Reconstruct the Pinecone scene:

bash bash_scripts/real_scenes/train_default_relu_field_real.sh -d pinecone

Run the edit demo:

bash bash_scripts/real_scenes/edit_demo_real.sh -a <Hugging Face authentication token>

Tested Configuration

This code has been tested with Python 3.10.10, PyTorch 1.13.0, CUDA 11.4 on Ubuntu 20.04.5 LTS.
Execution (for the editing stage) takes around 50 minutes on an NVIDIA RTX A5000 GPU.


General Usage

Initialization

To learn an initial feature grid which reconstructs the input scene run:

python train_sh_based_voxel_grid_with_posed_images.py -d <path to dataset folder>
                                                      -o <path to output folder>
                                                      --sh_degree 0

This step is pre-requirement for performing editing.


Editing

To run our system and perform textual edits on 3D scenes run:

python edit_pretrained_relu_field.py -d <path to dataset folder>
                                     -o <path to output folder>
                                     -i <path to initial feature grid>
                                     -p <text prompt>

To perform local edits and use the refinement stage, three additional arguments are required:

--do_refinement True
--edit_idx <index of edit token>
--hf_auth_token <Hugging Face authentication token>

The edit index is the index of the token associated with the edit word in the text prompt (for example the word "hat" in the prompt - "a dog wearing a hat").
To find this token for your text prompt we recommend using this huggingface space.

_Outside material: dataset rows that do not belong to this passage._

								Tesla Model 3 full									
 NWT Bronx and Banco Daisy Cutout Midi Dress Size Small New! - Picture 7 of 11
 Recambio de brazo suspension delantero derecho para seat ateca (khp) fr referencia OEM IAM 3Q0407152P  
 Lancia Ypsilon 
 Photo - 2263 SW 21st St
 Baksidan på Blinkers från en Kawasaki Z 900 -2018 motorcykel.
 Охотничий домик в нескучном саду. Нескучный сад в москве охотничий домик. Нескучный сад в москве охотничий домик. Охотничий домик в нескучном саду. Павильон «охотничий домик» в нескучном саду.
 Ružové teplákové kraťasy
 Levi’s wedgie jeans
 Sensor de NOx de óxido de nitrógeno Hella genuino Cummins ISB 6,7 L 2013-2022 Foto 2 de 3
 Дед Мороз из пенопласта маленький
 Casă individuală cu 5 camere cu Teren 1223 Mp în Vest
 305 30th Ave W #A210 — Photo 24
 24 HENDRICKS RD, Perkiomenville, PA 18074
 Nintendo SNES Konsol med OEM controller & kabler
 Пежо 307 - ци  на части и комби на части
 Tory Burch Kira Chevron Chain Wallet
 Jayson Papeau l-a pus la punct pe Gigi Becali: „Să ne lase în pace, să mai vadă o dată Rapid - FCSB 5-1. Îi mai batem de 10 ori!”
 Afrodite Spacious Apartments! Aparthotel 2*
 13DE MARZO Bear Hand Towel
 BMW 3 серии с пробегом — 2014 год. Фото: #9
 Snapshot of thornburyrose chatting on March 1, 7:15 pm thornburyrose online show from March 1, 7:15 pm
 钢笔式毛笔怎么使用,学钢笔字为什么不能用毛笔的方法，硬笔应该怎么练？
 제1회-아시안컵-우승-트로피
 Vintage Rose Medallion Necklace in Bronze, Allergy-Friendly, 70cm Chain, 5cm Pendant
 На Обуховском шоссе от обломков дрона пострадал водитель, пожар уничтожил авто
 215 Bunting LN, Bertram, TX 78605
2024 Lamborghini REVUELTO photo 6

We offer also an additonal post-processing stage for denoising by retaining the largest connected component, to perform this exra stage add the following argument:

--post_process_scc True

BibTeX

If you find our work useful in your research, please consider citing:

@article{sella2023vox,
 title={Vox-E: Text-guided Voxel Editing of 3D Objects},
 author={Sella, Etai and Fiebelman, Gal and Hedman, Peter and Averbuch-Elor, Hadar},
 journal={arXiv preprint arXiv:2303.12048},
 year={2023}
}

Acknowledgements

We thank Animesh Karnewar for his wonderful ReLU-Fields code on which we base our own. We also thank the "printable_models" user on free3d for creating many of the meshes we use as data.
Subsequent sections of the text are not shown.